# ABOUT THIS TASK
Restate, exactly as written, the entries below from the line that holds "Let us see if" through the line that holds "Now we're going". Pictures are not part of the copy.

# INFORMATION GIVEN
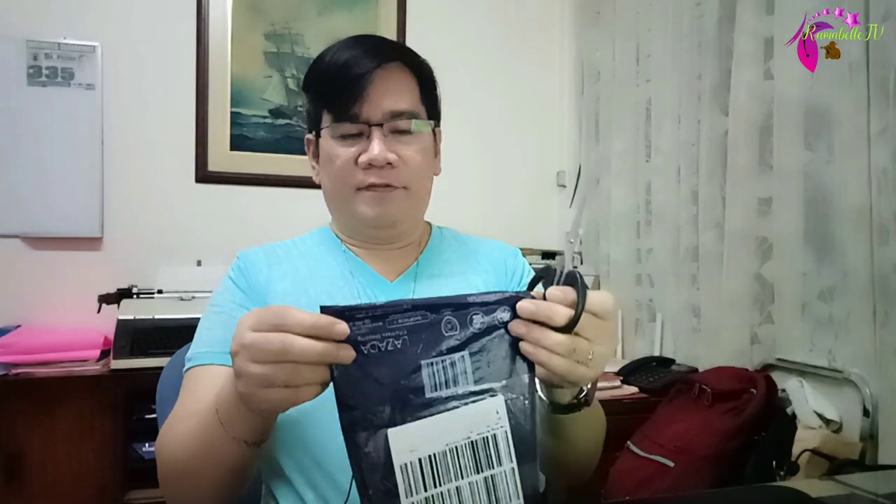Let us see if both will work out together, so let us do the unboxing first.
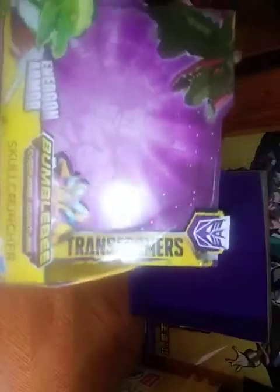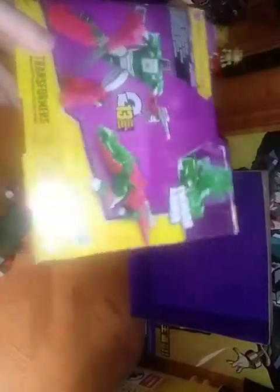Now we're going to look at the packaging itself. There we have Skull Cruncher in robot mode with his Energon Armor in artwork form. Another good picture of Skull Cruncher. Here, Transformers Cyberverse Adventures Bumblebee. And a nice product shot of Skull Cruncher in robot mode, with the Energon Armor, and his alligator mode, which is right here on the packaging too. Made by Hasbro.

--

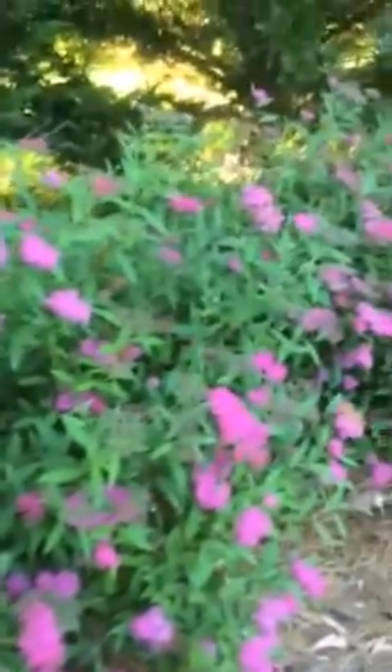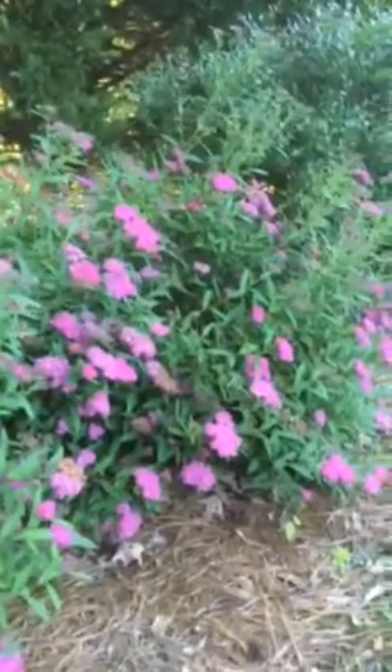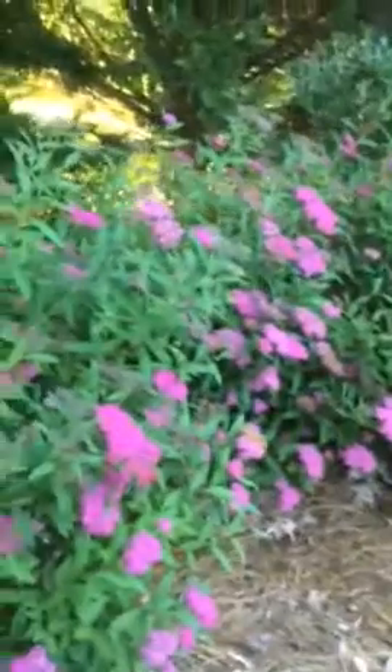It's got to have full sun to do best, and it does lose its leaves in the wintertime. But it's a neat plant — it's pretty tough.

---

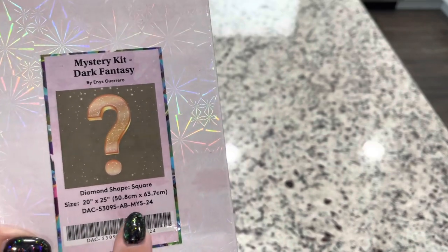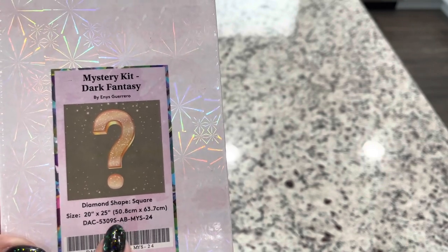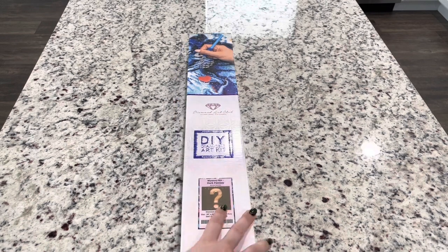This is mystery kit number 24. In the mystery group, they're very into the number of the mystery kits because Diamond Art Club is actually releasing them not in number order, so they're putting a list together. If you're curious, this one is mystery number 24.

# TASK RESPONSE
Let us see if both will work out together, so let us do the unboxing first.
Now we're going to look at the packaging itself. There we have Skull Cruncher in robot mode with his Energon Armor in artwork form. Another good picture of Skull Cruncher. Here, Transformers Cyberverse Adventures Bumblebee. And a nice product shot of Skull Cruncher in robot mode, with the Energon Armor, and his alligator mode, which is right here on the packaging too. Made by Hasbro.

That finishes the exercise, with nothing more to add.